I knew to be expecting a bomb today from @csk415... little did I know hat the yard gars he said he would be sending would be accompanied by some hitchhikers. Thank you for the generosity, sir, it is greatly appreciated! Looking forward to trying the yard gars out and then the not so yard gars.










Sent from my iPhone using Tapatalk


----------



## OneStrangeOne (Sep 10, 2016)

Way to go Chris!


----------



## UBC03 (Nov 18, 2015)

Nicely done

Sent from my SM-G925V using Tapatalk


----------



## Dentedcan (Jan 15, 2016)

I'm buying stocks in mailboxes with the bombs that have been tossed around. Great hit.

Sent from my SM-N910V using Tapatalk


----------



## Kidvegas (Oct 17, 2016)

Way to be Chris


Sent from my iPhone using Tapatalk


----------



## LeatherNeck (Feb 8, 2017)

Maxh92 said:


> I knew to be expecting a bomb today from @csk415... little did I know hat the yard gars he said he would be sending would be accompanied by some hitchhikers. Thank you for the generosity, sir, it is greatly appreciated! Looking forward to trying the yard gars out and then the not so yard gars.
> 
> 
> 
> ...


Is this all the cigars you got? Are these the yard gars or "not so"? I was waiting to see the other half, lol. I've been hearing good things about those Iron Horse. I've honestly never tried one, but I don't think I would consider those pictured as YGs. Looks like my regular daily smokes to me. Guess my expectations are a little low. Hell, I'm happy with "decent".

Well done Chris!


----------



## csk415 (Sep 6, 2016)

It's not much but you wanted to know how they were. Had to share one of Rangers favorite smokes also. Picked some up from him. Might give it a little bit tho. Those horses smell like a barnyard to me. Ubc03 swears they get better with age. That tat is a budget friendly smoke also. I rate it better than yard status. Enjoy them.


----------



## OneStrangeOne (Sep 10, 2016)

csk415 said:


> It's not much but you wanted to know how they were. Had to share one of Rangers favorite smokes also. Picked some up from him. Might give it a little bit tho. Those horses smell like a barnyard to me. Ubc03 swears they get better with age. That tat is a budget friendly smoke also. I rate it better than yard status. Enjoy them.
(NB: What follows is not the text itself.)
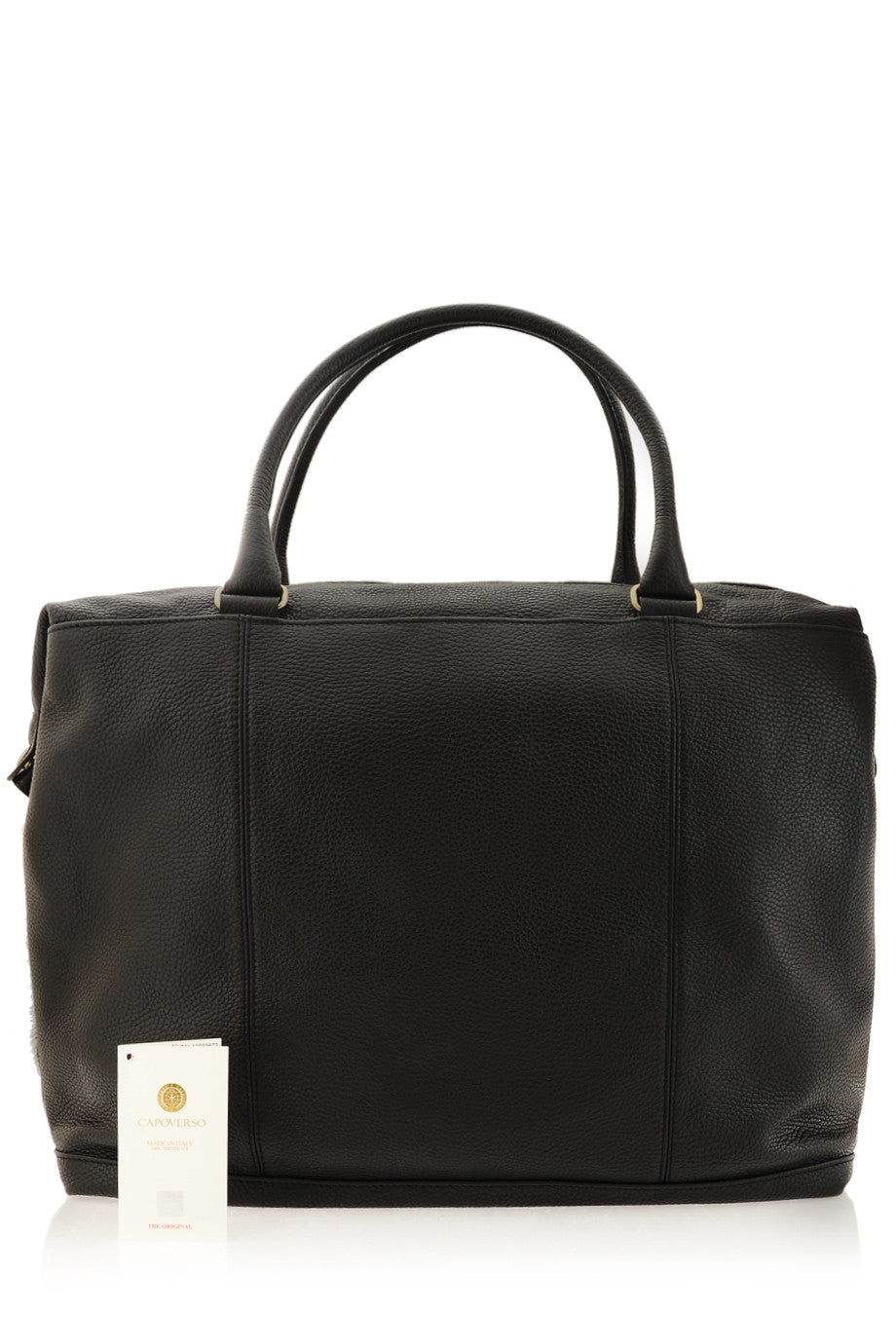 CAPOVERSO CAVALLINO Zwarte leren tas met ponyhaar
'Barnyard' = good things! 
The ones I think smell like barnyard the wife say smell like my work boots! Of course she puts cream and sugar in Good coffee so obviously her sense of taste and smell is suspect.


----------



## WNYTony (Feb 12, 2014)

Well done Chris - @Yukoner must have rubber off on you !


----------



## csk415 (Sep 6, 2016)

WNYTony said:


> Well done Chris - @*Yukoner* must have rubber off on you !
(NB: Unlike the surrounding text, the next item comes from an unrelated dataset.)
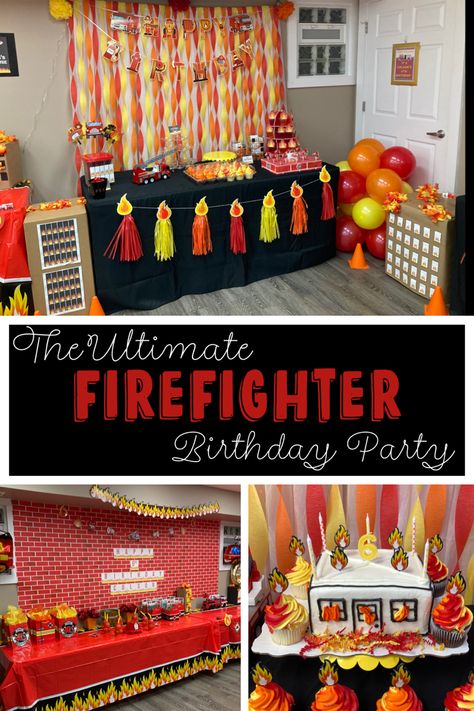 Firefighter Birthday Party Fire Truck Party Food Ideas, Firefighter Bday Party, Fireman Centerpiece Ideas, Fire And Rescue Birthday Party, Firefighter Party Decor, Fire Buds Birthday, Fireman Birthday Party Decorations, Firefighter Birthday Party Backdrop, Fireman First Birthday Party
Several people have rubbed off on me. @Yukoner is in a league of his own right now. Its like the bear came out of hibernation and nobody is safe....


----------



## Yukoner (Sep 22, 2016)

csk415 said:


> Several people have rubbed off on me. @Yukoner is in a league of his own right now. Its like the bear came out of hibernation and nobody is safe....


----------



## gunnersguru (Sep 10, 2016)

nice hit . I have some of the iron horses but have yet to partaken of , mine are 3months old now .


----------